Work required: In the data below, find the line containing "Manifestation antiraciste à"; reproduce that line and all subsequent lines exactly, and nothing else.

*** Extracted information Section Begins ***

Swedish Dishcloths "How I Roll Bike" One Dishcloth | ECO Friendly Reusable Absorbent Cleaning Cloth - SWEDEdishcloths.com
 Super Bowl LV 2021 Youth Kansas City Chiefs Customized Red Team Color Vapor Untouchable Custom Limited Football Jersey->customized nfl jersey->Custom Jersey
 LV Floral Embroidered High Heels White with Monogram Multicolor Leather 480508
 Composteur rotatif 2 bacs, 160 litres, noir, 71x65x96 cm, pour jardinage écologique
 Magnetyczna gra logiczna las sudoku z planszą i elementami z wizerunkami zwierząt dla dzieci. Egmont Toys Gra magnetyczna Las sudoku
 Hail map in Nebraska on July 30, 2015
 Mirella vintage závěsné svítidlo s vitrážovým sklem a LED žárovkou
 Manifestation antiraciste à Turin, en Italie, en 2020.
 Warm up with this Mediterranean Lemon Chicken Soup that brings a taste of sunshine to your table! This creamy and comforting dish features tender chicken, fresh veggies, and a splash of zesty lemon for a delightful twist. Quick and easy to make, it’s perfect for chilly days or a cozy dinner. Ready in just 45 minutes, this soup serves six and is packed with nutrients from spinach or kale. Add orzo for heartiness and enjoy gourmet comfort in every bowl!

*** Extracted information Section Ends ***

Solved exercise:
 Manifestation antiraciste à Turin, en Italie, en 2020.
 Warm up with this Mediterranean Lemon Chicken Soup that brings a taste of sunshine to your table! This creamy and comforting dish features tender chicken, fresh veggies, and a splash of zesty lemon for a delightful twist. Quick and easy to make, it’s perfect for chilly days or a cozy dinner. Ready in just 45 minutes, this soup serves six and is packed with nutrients from spinach or kale. Add orzo for heartiness and enjoy gourmet comfort in every bowl!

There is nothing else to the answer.